Mixing Bispectrum Multipoles Under Geometric Distortions

TL;DR

This paper derives analytic formulas for how geometric distortions affect the bispectrum multipoles in cosmology, enabling simplified analysis of galaxy survey data and improving measurement accuracy.

Contribution

It provides explicit linear approximation formulas for bispectrum multipole mixing coefficients under Alcock-Paczynski distortions, enhancing analysis efficiency.

Findings

Linear approximation is highly accurate for power spectrum multipoles.

Approximate formulas work well for bispectrum monopole.

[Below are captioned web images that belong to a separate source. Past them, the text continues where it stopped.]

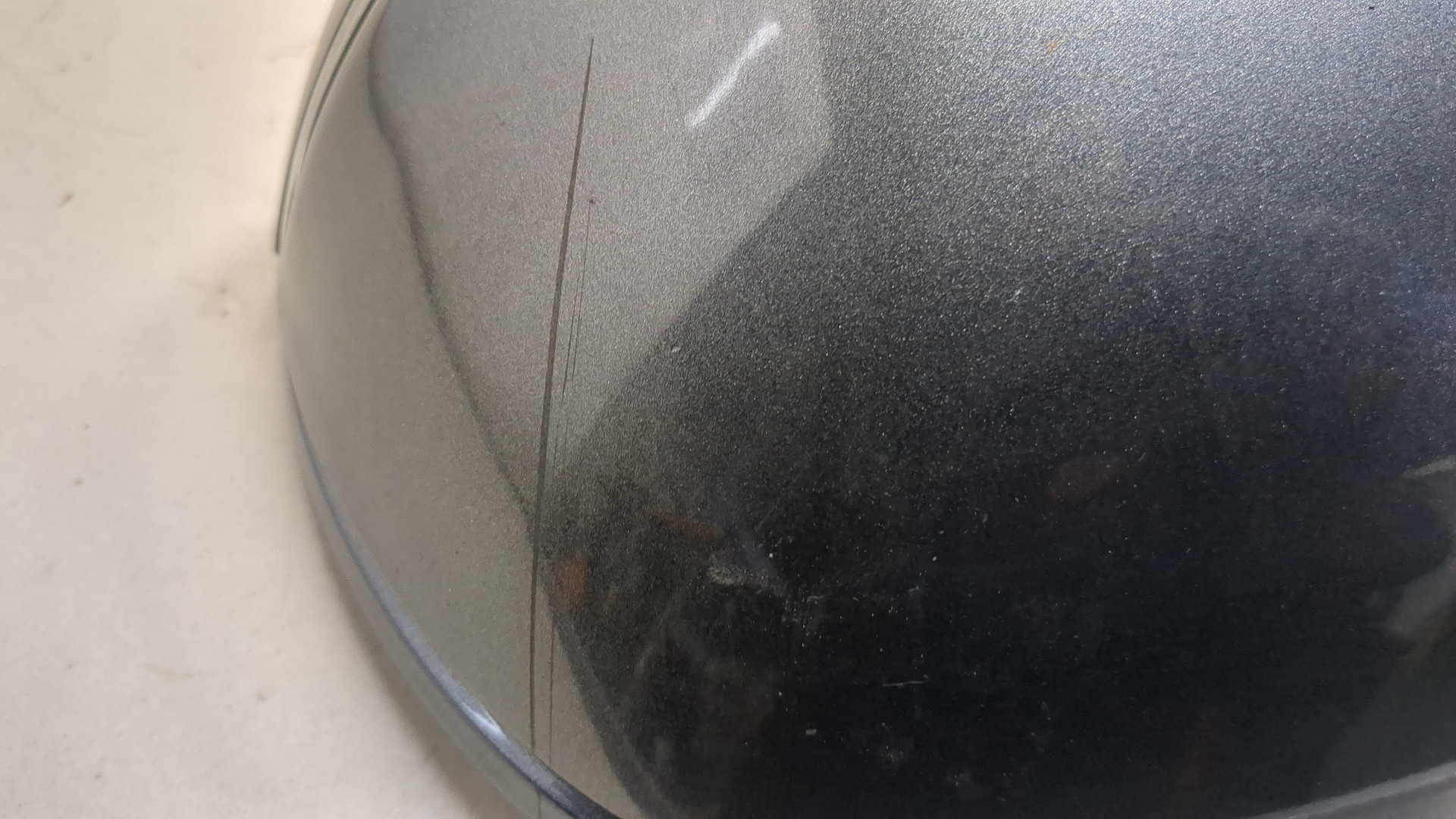 Зеркало левое электрическое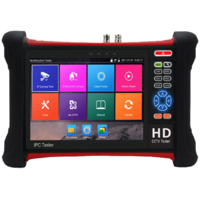 Multi-Purpose CCTV Tester 7" Touch Screen
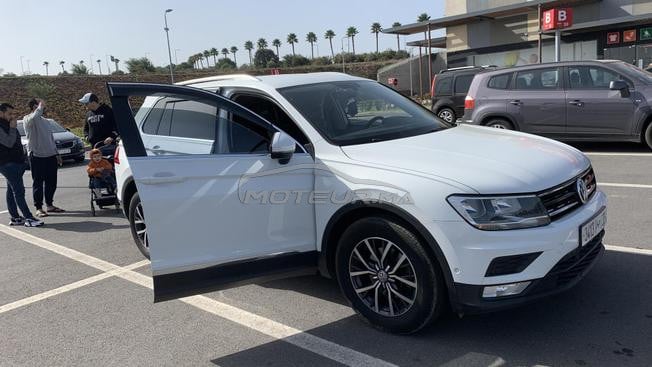 Volkswagen Tiguan Diesel Manuelle - Très bon état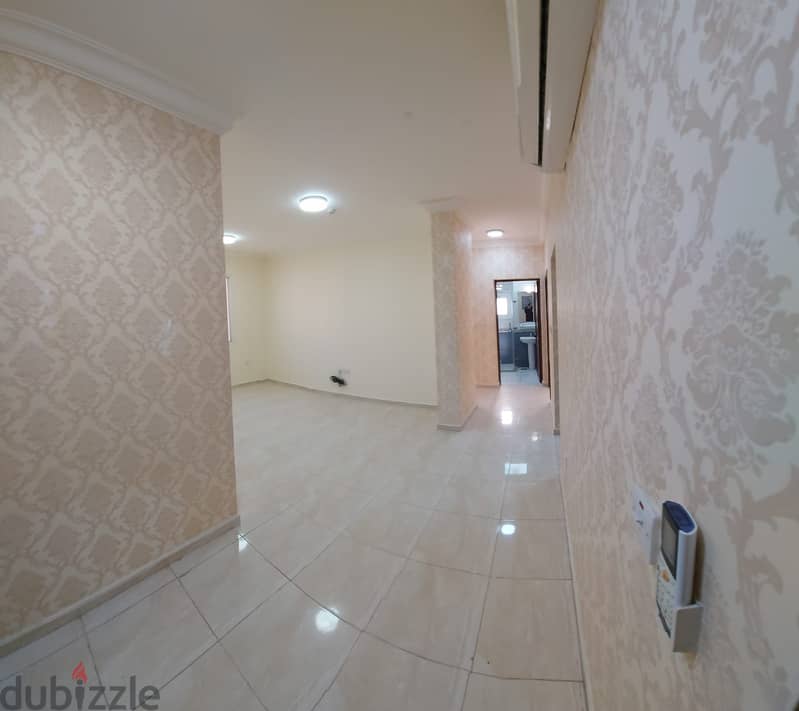 Apartments for rent in building in Al Wakrah for family only 2 BHK 1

Inaccuracies arise at sub-percent level for bispectrum quadrupole and fail for hexadecapole.

Abstract

We derive general expressions for how the Alcock-Paczynski distortions affect the power spectrum and the bispectrum of cosmological fields. We compute explicit formulas for the mixing coefficients of bispectrum multipoles in the linear approximation. The leading-order effect for the bispectrum is the uniform dilation of all three wavevectors. The mixing coefficients depend on the shape of the bispectrum triplet. Our results for the bispectrum multipoles are framed in terms of the "natural" basis of the lengths of three wavevectors but can be easily generalized for other bases and reduction schemes. Our validation tests confirm that the linear approximation is extremely accurate for all power spectrum multipoles. The linear approximation is accurate for the bispectrum monopole but results in sub-percent level inaccuracies for the bispectrum quadrupole and fails for the bispectrum hexadecapole. Our results can be used to simplify the analysis of the bispectrum from galaxy surveys, especially the measurement of the Baryon Acoustic Oscillation peak position. They can be used to replace numeric schemes with exact analytic formulae.